Kendati demikian, andaikata Dropbox bangkrut dan saya harus beralih ke layanan cloud storage lainnya, saya yakin saya masih bisa mendapatkan kemudahan yang sama dalam bekerja. Namun jujur saya tidak bisa membayangkan bagaimana jadinya andai tidak ada layanan cloud storage sama sekali.
Yang saya cari dari Dropbox sebenarnya sederhana sekali, yakni bagaimana layanan ini bisa membantu memuluskan proses gonta-ganti perangkat selama saya bekerja sambil merawat anak. Fakta bahwa semua file penting saya ter-backup di cloud saya anggap sebatas bonus, sebab saya pribadi lebih mementingkan aspek sinkronisasinya.
Ketik di laptop, lanjutkan di smartphone, lalu kembali lagi di laptop ketika ada kesempatan, semuanya tanpa mengharuskan saya repot-repot mengunduh file dan mengunggahnya kembali setelah diperbarui. Inilah yang akhirnya membuat saya begitu bergantung pada Dropbox.
Di samping itu, Dropbox juga berhasil mengubah kebiasaan saya menyimpan file di USB flash disk. Sekarang semua file penting dan yang perlu saya akses dari berbagai tempat tersimpan dengan rapi di Dropbox, dan sepertinya sudah sekitar tiga tahun sejak saya terakhir menggunakan flash disk.
Sejarah perjalanan Dropbox
Bicara soal flash disk, media penyimpanan portable ini juga sangat terlibat dalam awal kelahiran Dropbox. Ceritanya kala itu, pada bulan Desember 2006, sang pendiri Dropbox, Drew Houston yang merupakan seorang programmer, sedang dalam perjalanan menggunakan bus dari Boston ke New York.
Selama perjalanan berdurasi sekitar empat jam, Drew berniat untuk bekerja menggunakan laptop-nya. Apesnya, ia lupa membawa USB flash disk yang pada dasarnya berisikan semua yang dibutuhkannya pada saat itu. Ini bukan pertama kalinya nasib sial seperti itu menimpa Drew, tapi sang inovator memutuskan sudah saatnya untuk mengakhirinya.
Dari situ ia mulai mengembangkan teknologi untuk mensinkronisasikan file menggunakan internet. Empat bulan setelahnya, Drew mempresentasikan idenya di hadapan inkubator startup Y Combinator. Juni 2007, Dropbox Inc. resmi didirikan, dan tak lama sesudahnya Drew bersama rekan cofounder-nya, Arash Ferdowsi, berhasil menerima pendanaan awal dari Y Combinator sebesar $15.000.
Perjalanan Dropbox tak bisa dibilang mulus.

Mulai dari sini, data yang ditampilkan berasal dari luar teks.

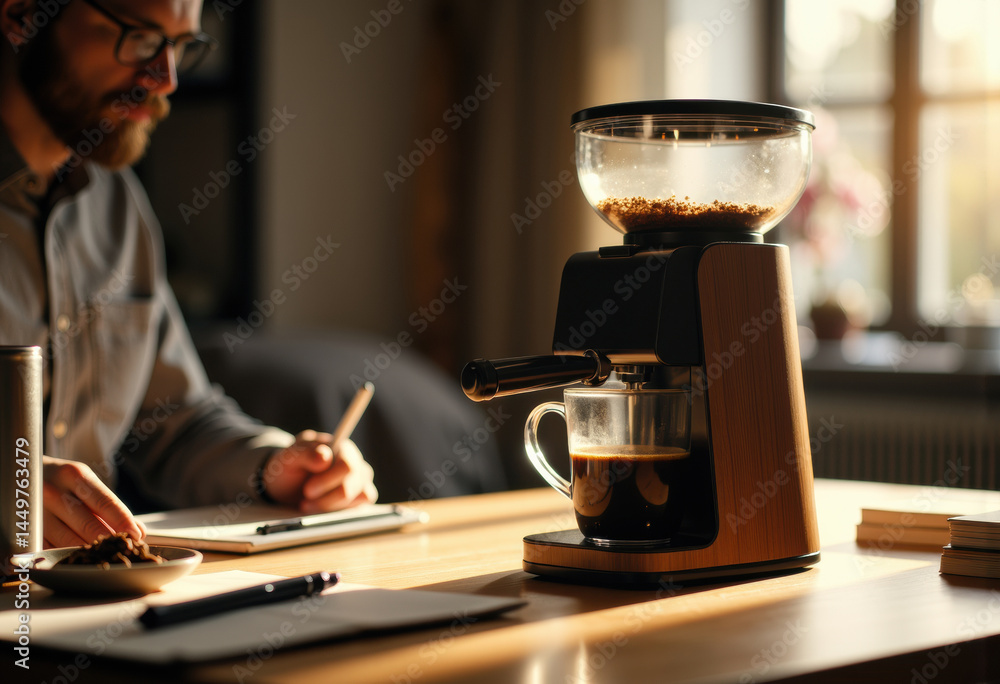 A man brewing coffee with a modern coffee maker in a cozy setting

Bahkan awalnya mereka tidak bisa menggunakan domain dropbox.com sampai pada bulan Oktober 2009. Selama sekitar dua tahun beroperasi, mereka harus tabah menggunakan domain getdropbox.com – memang tidak sulit diingat, tapi reflek orang yang baru mendengar soal Dropbox pasti akan mengetikkan “dropbox.com” di browser-nya.
Masih di tahun 2009, tepatnya pada bulan Desember, almarhum Steve Jobs sempat menawarkan untuk mengakuisisi Dropbox dengan mahar menyentuh angka sembilan digit. Jobs kala itu bilang kalau Dropbox hanyalah sebatas fitur, dan beliau sejatinya beranggapan bahwa Dropbox baru bisa menjadi produk setelah berada di tangan Apple.
Tentu saja Drew menolak tawaran tersebut. Kalau tidak, sudah pasti Dropbox sekarang hanya tersedia secara eksklusif untuk perangkat besutan Apple. Nyatanya tidak demikian. Rival-rival Dropbox terus bermunculan, termasuk dari Apple sendiri yang bernama iCloud, maupun dari nama-nama besar lain di industri teknologi seperti Amazon, Google dan Microsoft.
Juni lalu, Dropbox merayakan hari jadinya yang ke-10. Skalanya sebagai perusahaan sudah berkali lipat kondisinya di tahun 2008, dimana pada saat itu mereka baru memiliki 9 karyawan dan 200.000 pengguna. Per Maret 2016, jumlah pengguna Dropbox sudah mencapai angka setengah miliar, dan menurut data Crunchbase mereka sudah mengumpulkan total pendanaan lebih dari 600 juta dolar.
—
Kembali ke bahasan di awal tadi, saya kira tidak berlebihan jika kita menganggap Dropbox – maupun layanan cloud storage lainnya – sebagai layanan yang sama esensialnya dengan email. Anda butuh email untuk bisa mendaftar berbagai layanan internet (termasuk Dropbox), dan Anda butuh Dropbox untuk bisa bekerja secara efisien di mana saja dan melalui perangkat apa saja.
Cerita saya sebagai seorang blogger beranak satu yang harus bergonta-ganti device selama bekerja hanyalah satu contoh. Masih ada contoh lain yang tak kalah menarik, seperti misalnya seorang mahasiswa jurusan hukum yang laptop-nya tiba-tiba rusak saat menjalani ujian akhir, namun akhirnya bisa lulus karena masih menyimpan backup-nya di Dropbox.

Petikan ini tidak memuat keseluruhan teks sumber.